My 2002 model Dahon Speed-Pro is stiff and handles really well. It will ride hands off and honking doesn't cause any issues at the back, although the front has a bit of flex. Speed and distance wise I rode mine as much as my Club Tour and there was little to choose between them, with the Dahon being better up hill in my opinion. I no longer ride two wheels so the Speed-Pro was going up for sale, until my wife rode it and took it over as 'much nicer' to ride than her Dahon Boardwalk folder.


----------



## Crankarm (24 Sep 2010)

How come you're not considering a Brompton?


----------



## palinurus (24 Sep 2010)

dellzeqq said:


> I've watched a couple of folding bike races, and the Airnimals looked like the cats pyjamas - but, then again, they might have had the fastest riders.

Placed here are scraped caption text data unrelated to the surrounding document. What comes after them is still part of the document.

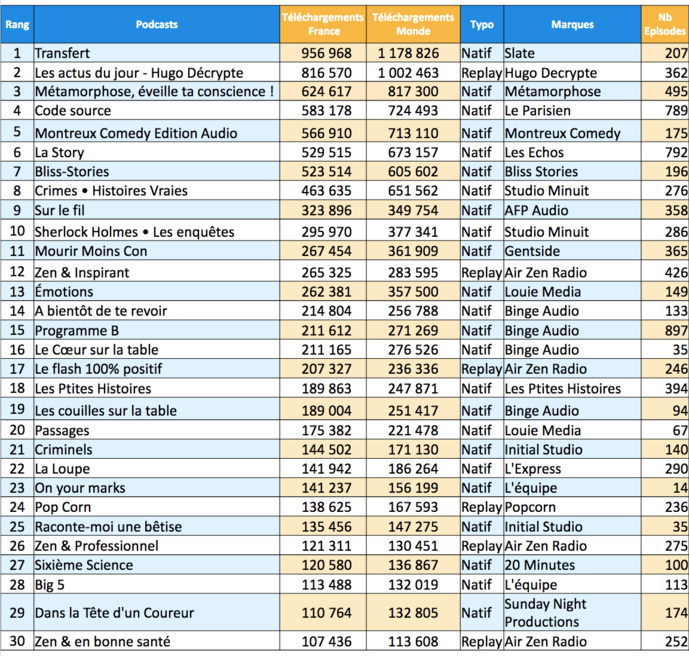 ACPM : 15 millions de téléchargements de podcasts en juillet ACPM : 15 millions de téléchargements de podcasts en juillet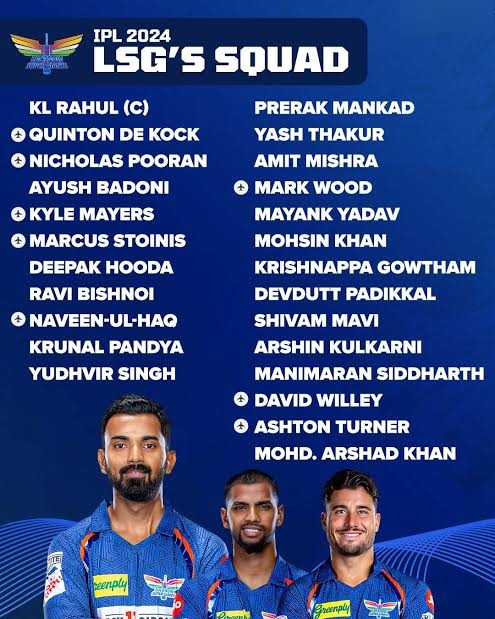 Lucknow Super Giants Squad Analysis 2024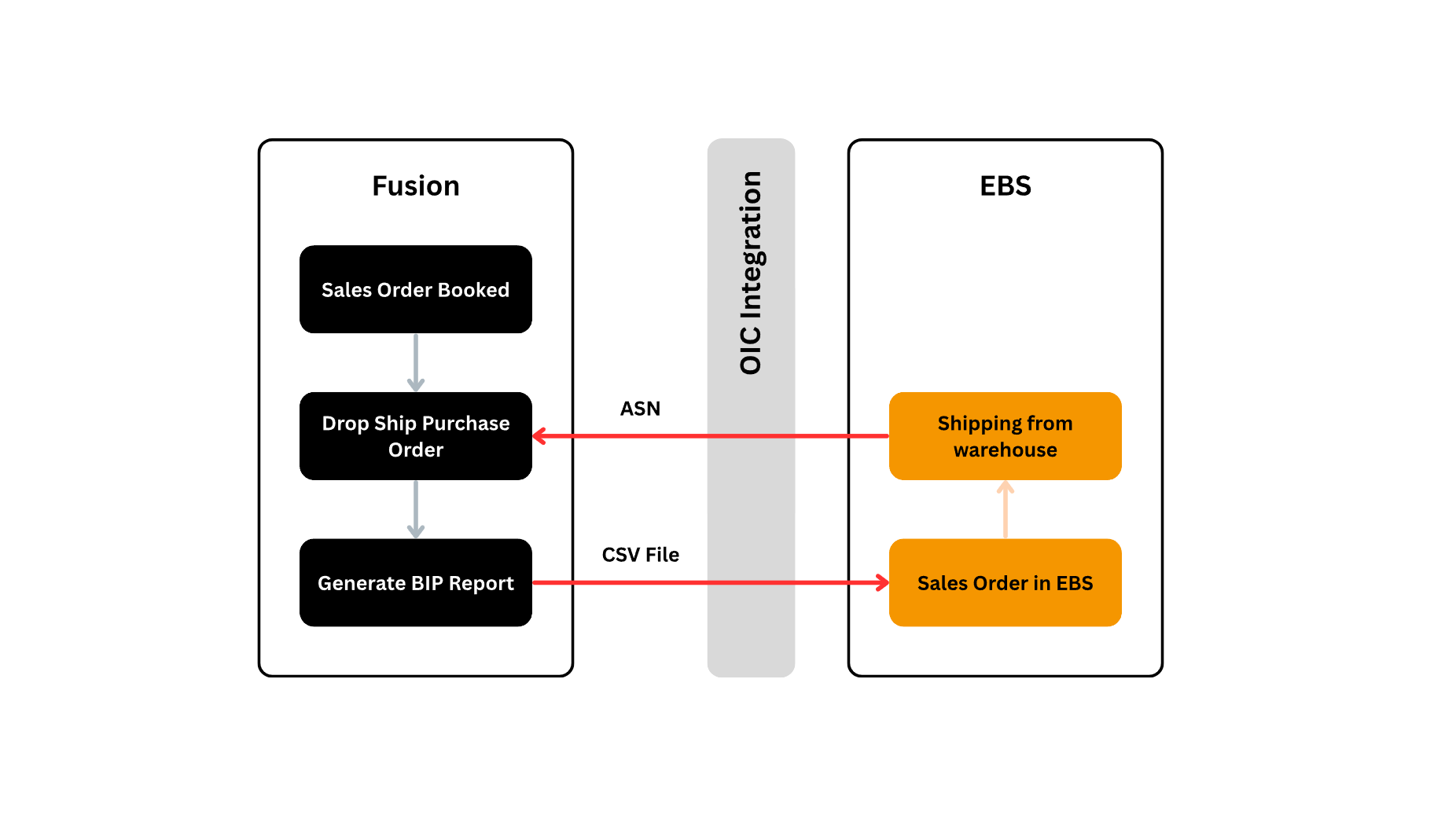 Oracle Fusion-EBS coexistence 2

They are quick. I've time-trialled on an Airnimal. I wouldn't've considered that on a Brompton, except perhaps on boxing day.


----------



## Fab Foodie (24 Sep 2010)

I'd go for the Joey over the Chameleon. 
The dual-drive IS good, but as mentioned is heavier and the 36 to 106" gear on the Joey is just fine, will get you pretty much anywhere and is simple and reliable. The bike is nimble feeling on the road. Can easily be converted to drops with a bar-end shifter as well. 
http://www.roadcyclinguk.com/bike-reviews/bike-test---airnimal-joey/829.html
Edited for talking bollocks.


----------



## Yellow Fang (25 Sep 2010)

Crankarm said:


> How come you're not considering a Brompton?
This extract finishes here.